1) Get user input using prompt(“Enter your age:”). If user is 18 or older , give feedback:’You are old enough to drive’ but if not 18 give another feedback stating to wait for the number of years he needs to turn 18.
let ageUserInput = prompt("Enter your age.");
if (ageUserInput >= 18) {
console.log('You are old enough to drive.')
} else {
console.log(`You are left with ${18-ageUserInput} years to drive.`)
};
2) Compare the values of myAge and yourAge using if … else. Based on the comparison and log the result to console stating who is older (me or you). Use prompt(“Enter your age:”) to get the age as input.
let myAge = 23;
let yourAgeInput = prompt("Enter your age.");
let diff = myAge - yourAgeInput;
if (diff > 0) {
console.log(`I am ${diff} years older than you.`)
} else if (diff < 0) {
console.log(`You are ${Math.abs(diff)} years older than me.`)
} else {
console.log('You have the same age as me.')
};
3) If a is greater than b return ‘a is greater than b’ else ‘a is less than b’. Try to implement it in two ways.
- using
if else
let a = prompt('Enter a number.');
let b = prompt('Enter another number.');
if (a > b) {
console.log('a is greater than b.')
} else if (a < b) {
console.log('a is less than b.')
};
I cannot use else with following parenthesis. It will give me an error. Think of else as a remainder of all conditions. If I want to add more conditions, I should use else if().
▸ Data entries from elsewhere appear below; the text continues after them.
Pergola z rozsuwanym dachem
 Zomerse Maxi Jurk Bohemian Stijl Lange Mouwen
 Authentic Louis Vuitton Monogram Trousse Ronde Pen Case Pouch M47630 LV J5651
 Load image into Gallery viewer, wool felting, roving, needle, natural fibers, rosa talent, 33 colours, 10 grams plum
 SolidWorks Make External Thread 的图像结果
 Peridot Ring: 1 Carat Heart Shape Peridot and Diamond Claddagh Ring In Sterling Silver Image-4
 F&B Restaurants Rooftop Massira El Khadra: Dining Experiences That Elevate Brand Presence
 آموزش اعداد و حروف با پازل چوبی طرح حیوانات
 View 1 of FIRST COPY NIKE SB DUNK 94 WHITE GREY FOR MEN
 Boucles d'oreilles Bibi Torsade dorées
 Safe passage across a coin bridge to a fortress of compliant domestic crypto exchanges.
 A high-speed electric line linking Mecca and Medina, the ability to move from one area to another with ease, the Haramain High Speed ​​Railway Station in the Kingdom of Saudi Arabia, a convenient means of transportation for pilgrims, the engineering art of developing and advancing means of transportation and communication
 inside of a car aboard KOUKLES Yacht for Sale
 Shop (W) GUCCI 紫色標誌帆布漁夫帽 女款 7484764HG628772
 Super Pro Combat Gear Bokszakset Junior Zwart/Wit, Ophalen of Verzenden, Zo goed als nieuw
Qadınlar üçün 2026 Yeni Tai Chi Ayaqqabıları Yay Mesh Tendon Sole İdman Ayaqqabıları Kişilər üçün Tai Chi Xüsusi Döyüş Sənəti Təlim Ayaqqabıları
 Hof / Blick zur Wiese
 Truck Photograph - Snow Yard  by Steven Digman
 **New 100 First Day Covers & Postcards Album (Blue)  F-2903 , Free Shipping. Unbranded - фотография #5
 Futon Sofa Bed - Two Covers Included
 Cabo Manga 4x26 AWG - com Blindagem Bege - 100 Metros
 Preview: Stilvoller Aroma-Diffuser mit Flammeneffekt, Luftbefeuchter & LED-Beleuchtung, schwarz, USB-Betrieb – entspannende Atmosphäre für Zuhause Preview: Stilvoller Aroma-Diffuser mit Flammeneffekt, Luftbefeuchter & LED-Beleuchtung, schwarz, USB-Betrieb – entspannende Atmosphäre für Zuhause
Also, in this case, if I didn’t set the condition for the case of a == b. If the user inputs the same number, the result will be undefined. If I want to get another output for that, I can simply add else below.
let a = prompt('Enter a number.');
let b = prompt('Enter another number.');
if (a > b) {
console.log('a is greater than b.')
} else if (a < b) {
console.log('a is less than b.')
} else {
console.log('a is same as b.')
};
- using
ternary operator
let a = prompt('Enter a number.');
let b = prompt('Enter another number.');
a > b
? console.log('a is greater than b.')
: console.log('a is less than b.');
However, in this case, the code will give the result ‘a is less than b.’ if a and b are the same. This is because the ternary operator doesn’t seperate the cases specifically like if else. If a > b is not true, the code with : will be executed.
4) Even numbers are divisible by 2 and the remainder is zero. How do you check, if a number is even or not using JavaScript?
let numberInput = prompt('Enter a number.');
numberInput % 2 == 0
? console.log(`${numberInput} is an even number.`)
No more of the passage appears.